# What carbide insert is this



## Martin22250 (May 24, 2017)

I bought this insert tool off eBay and want to know what kind of insert this tool has on it  so I can buy a couple spares, I have only used hss so insert tools are new to me 
Thanks Dustin


----------



## woodchucker (May 24, 2017)

its a threading insert. what size? I don't know.
if you have some transfer punches, remove the shim, put the transfer punch over the hole and see what size touches the outer edges , that will at least give you the circle size .. what size is the shank of the holder? we have no reference for size.

see http://www.iscar.com/Products.aspx/CountryID/1/ProductId/56
and http://www.iscar.com/Products.aspx/CountryID/1/ProductId/57  on this page you will see why you need to measure the circle size.


----------



## darkzero (May 24, 2017)

The photo you have posted is not an insert, it's an anvil. The actual threading insert would sit on top of the anvil. Anvils are interchangeable to change helix angle.

Without knowing the tool holder designation it's hard to determine what insert size you need from just that pic.

My guess is it's a 16ER size as that is most common. Did the tool come with any else or as is with no threading insert? Can you post the letters & numbers on the side of the tool holder? Should be SER something.

You can also get an idea of the size of the insert from the anvil. Measure the inscribed circle of the anvil. Doesn't have to be exact & it won't be unless you have the insert to measure off of.

A 3/8" inscribed circle (largest circle that will fit in the triangle shape of the insert) would be a 16 size insert. 1/4" I.C. would be a 11 size insert. 1/2" I.C. would be a 22 size insert. ER means it's an insert for external threads. IR is for internal threads. Your holder is for external threads so it will be ER.


----------



## Martin22250 (May 25, 2017)

Thanks this is what came in my box, I thought the gold inserts were for threading and the other for turning,  shows what I know,  still don't understand the anvil purpose


----------



## darkzero (May 25, 2017)

The anvil sets the helix angle at which the the threading insert sits at.  The anvils are available in different angles. Don't worry about, just install the insert on top of the anvil. Unless you are threading very coarse pitches, the standard anvil that usually comes with SER holders will cover a wide range of threads.


----------



## Ed ke6bnl (May 25, 2017)

looks like you may not need any new inserts in your lifetime. not in my lifetime but I am old


----------



## Martin22250 (May 25, 2017)

darkzero said:


> The anvil sets the helix angle at which the the threading insert sits at.  The anvils are available in different angles. Don't worry about, just install the insert on top of the anvil. Unless you are threading very coarse pitches, the standard anvil that usually comes with SER holders will cover a wide range of threads.

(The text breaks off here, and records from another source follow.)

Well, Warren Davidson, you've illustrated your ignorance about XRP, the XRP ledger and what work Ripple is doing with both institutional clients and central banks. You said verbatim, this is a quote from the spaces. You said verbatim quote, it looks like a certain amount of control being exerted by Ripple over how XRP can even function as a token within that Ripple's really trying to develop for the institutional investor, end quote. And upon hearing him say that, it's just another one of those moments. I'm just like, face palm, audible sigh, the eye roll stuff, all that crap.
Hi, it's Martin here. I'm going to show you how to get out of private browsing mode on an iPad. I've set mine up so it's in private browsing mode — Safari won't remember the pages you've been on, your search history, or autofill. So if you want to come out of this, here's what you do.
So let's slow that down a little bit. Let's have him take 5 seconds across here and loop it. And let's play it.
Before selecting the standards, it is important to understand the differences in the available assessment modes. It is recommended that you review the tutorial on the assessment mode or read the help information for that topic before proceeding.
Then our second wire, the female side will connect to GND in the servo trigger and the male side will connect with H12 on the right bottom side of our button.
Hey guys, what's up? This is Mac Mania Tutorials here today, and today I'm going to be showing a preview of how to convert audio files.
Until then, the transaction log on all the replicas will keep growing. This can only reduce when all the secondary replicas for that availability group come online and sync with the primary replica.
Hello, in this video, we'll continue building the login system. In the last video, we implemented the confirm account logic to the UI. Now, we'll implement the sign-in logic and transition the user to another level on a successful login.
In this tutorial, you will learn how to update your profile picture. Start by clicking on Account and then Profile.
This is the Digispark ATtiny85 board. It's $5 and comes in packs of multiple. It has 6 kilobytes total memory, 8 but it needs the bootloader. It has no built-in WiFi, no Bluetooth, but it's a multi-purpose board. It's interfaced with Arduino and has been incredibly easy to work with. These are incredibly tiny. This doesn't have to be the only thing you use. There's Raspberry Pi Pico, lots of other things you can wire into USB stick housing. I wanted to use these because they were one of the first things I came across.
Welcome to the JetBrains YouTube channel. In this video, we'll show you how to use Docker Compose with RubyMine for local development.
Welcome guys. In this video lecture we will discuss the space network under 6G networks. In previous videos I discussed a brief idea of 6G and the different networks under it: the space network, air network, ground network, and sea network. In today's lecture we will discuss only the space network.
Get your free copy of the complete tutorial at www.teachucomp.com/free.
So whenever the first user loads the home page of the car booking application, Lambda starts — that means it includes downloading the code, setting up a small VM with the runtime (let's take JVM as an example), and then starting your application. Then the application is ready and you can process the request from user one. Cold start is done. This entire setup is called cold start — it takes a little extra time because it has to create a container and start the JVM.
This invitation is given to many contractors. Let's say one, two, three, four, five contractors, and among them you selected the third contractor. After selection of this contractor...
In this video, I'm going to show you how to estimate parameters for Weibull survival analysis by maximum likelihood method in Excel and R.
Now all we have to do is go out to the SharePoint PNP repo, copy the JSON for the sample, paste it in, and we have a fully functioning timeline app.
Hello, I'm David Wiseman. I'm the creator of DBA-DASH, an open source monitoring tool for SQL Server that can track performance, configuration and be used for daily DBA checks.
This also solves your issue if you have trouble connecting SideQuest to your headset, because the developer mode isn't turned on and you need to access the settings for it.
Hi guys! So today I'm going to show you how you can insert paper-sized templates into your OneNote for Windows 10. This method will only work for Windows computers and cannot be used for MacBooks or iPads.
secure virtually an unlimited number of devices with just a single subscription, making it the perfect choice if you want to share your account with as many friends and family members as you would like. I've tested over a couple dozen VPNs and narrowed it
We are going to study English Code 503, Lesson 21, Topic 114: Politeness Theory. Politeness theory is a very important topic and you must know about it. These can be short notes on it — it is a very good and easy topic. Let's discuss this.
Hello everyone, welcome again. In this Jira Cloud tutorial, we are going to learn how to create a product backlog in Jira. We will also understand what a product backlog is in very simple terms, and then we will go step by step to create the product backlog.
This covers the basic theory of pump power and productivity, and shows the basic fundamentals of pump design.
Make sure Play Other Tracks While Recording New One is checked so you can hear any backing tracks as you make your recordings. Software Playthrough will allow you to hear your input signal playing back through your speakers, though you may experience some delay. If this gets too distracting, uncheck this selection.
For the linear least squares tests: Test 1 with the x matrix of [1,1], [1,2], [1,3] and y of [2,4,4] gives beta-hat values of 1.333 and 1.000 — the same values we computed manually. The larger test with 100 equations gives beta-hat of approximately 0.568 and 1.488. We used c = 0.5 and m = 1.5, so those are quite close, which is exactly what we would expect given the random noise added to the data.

Ok thanks, this form is really helpful,  another question is why does it has 3 different grinds on it, and it has a side adjustment screw? I'm guess the anvil is just mild steel, I almost tried to cut a grade 8 bolt with the anvil to just try it out my new toy, I'm guessing it wouldn't of worked out good


----------



## 4GSR (May 25, 2017)

The anvil is carbide too.  It can cut when you don't want it to.


----------



## pstemari (May 25, 2017)

Martin22250 said:


> I bought this insert tool off eBay and want to know what kind of insert this tool has on it  so I can buy a couple spares, I have only used hss so insert tools are new to me
> Thanks Dustin


That's a shim in the tool. Very important that you don't lose our damage it!

That's a laydown threading tool. You'll want 11ER or 16ER inserts for it, depending on its size. 11ER for 1/4" inscribed circle, 16ER for 3/8".

The inserts are available in a huge range: full profile inserts for a specific TPI, partial profile that handle a range of sizes but require cleanup of the thread crests, unified, Acme, buttress, Whitworth, etc etc etc.

Sent from my Pixel XL using Tapatalk


----------



## darkzero (May 25, 2017)

Martin22250 said:


> Ok thanks, this form is really helpful,  another question is why does it has 3 different grinds on it, and it has a side adjustment screw? I'm guess the anvil is just mild steel, I almost tried to cut a grade 8 bolt with the anvil to just try it out my new toy, I'm guessing it wouldn't of worked out good



Just the way it's designed. The round corner to fit in the pocket. The pointed corner to support the cutting top of the insert (when you lay an insert on top of it you'll see that it's actually shorter than the insert's tip to allow clearance for cutting), and the flat side is for the mounting screw.

The screw is just that, for mounting the anvil. If you unscrew the screw on the side, it allows you to remove remove the anvil to swap ot out if/when needed.

Like Ken stated, it should be made of carbide but it's not ground appropiately for cutting cause it's just an anvil. I too have seen people actually try to cut with it though.


----------



## Silverbullet (May 25, 2017)

The anvil is there to back up the cutting tool. It gives a flat and strong surface for the carbide. Steel backed carbides allow the steel to heat up and deform the holder. It helps to stop the carbide from braking.


----------



## darkzero (May 25, 2017)

Silverbullet said:


> The anvil is there to back up the cutting tool. It gives a flat and strong surface for the carbide. Steel backed carbides allow the steel to heat up and deform the holder. It helps to stop the carbide from braking.



Good point, although that may be true on larger turning tool holders for heavier turning with shanks larger than 3/4". The anvils on a laydown threading tool is mainly for setting helix angles. Threading tools aren't subject to heavy turning.


----------



## Ulma Doctor (May 25, 2017)

darkzero said:


> Threading tools aren't subject to heavy turning.


Maybe that's my problem


----------